Short web captions:
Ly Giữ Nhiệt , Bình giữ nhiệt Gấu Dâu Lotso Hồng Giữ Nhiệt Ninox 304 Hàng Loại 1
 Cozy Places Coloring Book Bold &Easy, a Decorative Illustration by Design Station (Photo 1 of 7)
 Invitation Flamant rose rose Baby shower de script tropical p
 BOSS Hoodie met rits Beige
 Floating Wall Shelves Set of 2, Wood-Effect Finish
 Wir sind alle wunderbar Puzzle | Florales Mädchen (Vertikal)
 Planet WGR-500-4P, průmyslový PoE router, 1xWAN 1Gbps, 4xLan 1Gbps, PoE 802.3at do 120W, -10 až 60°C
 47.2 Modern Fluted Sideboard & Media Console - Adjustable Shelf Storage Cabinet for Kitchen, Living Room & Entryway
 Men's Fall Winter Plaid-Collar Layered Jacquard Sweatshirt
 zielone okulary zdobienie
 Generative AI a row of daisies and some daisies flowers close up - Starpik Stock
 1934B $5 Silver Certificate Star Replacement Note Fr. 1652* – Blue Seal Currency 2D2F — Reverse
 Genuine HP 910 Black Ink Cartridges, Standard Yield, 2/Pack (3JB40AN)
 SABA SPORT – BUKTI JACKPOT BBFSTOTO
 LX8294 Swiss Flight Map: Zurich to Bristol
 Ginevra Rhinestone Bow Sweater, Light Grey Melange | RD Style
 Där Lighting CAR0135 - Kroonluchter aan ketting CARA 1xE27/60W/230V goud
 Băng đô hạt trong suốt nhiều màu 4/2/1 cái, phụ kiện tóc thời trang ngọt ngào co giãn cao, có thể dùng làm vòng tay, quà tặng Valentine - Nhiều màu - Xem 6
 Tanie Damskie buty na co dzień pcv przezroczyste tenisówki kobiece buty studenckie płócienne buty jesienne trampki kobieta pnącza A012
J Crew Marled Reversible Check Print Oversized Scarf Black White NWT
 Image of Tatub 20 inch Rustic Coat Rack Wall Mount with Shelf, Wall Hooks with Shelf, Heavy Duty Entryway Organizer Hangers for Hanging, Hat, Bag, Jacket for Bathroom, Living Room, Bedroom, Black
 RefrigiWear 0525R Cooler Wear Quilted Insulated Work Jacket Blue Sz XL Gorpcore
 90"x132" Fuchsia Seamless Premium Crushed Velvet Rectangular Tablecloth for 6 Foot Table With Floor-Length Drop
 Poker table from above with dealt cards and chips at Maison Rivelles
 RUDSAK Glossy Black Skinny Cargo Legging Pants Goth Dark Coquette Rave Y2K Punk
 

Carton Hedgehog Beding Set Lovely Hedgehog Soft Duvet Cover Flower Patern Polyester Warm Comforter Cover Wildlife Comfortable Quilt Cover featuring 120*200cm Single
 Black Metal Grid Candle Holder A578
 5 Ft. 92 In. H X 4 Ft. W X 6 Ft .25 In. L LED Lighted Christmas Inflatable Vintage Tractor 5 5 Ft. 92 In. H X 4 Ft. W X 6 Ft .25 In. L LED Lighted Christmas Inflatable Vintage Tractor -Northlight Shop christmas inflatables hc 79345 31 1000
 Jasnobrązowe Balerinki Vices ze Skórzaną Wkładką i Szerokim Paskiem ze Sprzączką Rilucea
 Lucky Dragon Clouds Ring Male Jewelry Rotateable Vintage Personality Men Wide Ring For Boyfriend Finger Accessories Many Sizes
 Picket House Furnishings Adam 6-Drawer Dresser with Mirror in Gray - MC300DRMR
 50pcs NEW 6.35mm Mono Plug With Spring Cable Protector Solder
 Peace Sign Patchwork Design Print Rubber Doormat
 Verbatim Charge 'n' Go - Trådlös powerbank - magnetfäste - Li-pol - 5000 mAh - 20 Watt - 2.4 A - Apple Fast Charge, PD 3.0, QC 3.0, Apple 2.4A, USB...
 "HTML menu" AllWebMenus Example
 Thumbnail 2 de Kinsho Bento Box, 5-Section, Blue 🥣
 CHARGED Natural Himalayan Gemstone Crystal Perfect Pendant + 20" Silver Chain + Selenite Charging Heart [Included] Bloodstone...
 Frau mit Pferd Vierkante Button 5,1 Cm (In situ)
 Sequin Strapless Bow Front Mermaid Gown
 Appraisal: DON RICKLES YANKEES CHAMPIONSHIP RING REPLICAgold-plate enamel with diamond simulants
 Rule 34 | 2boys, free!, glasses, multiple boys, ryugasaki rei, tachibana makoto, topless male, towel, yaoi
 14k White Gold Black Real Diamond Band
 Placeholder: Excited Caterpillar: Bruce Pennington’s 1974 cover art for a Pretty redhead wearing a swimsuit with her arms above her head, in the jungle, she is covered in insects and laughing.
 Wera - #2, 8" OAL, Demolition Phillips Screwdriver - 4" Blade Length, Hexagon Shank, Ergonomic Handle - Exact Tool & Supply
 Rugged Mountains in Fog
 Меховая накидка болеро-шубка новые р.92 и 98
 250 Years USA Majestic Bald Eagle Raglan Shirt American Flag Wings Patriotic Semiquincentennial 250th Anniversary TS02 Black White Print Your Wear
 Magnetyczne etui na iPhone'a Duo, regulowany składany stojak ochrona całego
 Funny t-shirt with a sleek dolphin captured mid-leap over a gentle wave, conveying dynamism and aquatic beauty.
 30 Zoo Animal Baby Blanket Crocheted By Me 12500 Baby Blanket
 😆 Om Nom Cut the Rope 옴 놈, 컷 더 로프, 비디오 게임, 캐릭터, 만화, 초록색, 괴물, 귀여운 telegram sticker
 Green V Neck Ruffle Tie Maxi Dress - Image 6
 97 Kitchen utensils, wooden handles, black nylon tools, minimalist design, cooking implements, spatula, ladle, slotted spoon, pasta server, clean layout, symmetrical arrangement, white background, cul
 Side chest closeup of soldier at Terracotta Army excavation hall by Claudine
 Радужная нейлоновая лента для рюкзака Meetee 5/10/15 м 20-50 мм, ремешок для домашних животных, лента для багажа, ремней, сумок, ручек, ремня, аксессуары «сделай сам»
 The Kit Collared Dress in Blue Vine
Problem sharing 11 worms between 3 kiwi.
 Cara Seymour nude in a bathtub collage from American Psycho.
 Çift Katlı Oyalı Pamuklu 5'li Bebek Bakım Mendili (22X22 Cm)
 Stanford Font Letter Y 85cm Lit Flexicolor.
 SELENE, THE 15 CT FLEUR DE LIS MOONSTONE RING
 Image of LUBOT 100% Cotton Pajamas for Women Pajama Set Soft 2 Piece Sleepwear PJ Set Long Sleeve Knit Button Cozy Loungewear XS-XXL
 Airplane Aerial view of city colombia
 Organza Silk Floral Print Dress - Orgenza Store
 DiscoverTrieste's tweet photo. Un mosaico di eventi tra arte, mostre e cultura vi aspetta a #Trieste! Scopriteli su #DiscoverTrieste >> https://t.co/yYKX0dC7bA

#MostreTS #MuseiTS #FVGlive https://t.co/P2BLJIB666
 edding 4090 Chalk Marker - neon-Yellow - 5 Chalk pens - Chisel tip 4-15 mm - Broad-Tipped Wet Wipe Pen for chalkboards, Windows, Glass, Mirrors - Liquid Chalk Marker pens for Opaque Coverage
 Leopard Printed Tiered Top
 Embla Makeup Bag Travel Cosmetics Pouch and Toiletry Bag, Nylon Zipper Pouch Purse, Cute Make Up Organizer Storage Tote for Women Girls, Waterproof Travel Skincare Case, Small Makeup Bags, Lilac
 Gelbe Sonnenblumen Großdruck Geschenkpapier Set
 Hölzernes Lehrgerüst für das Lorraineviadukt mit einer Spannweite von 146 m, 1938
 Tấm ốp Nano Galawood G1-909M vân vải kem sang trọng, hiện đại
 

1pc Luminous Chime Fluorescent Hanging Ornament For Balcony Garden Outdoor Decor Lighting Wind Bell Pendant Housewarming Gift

**Instructions to follow**
Which lines above hold the string "Wall"? Please copy all of them.

**Answer to this exercise**
 Floating Wall Shelves Set of 2, Wood-Effect Finish
 Image of Tatub 20 inch Rustic Coat Rack Wall Mount with Shelf, Wall Hooks with Shelf, Heavy Duty Entryway Organizer Hangers for Hanging, Hat, Bag, Jacket for Bathroom, Living Room, Bedroom, Black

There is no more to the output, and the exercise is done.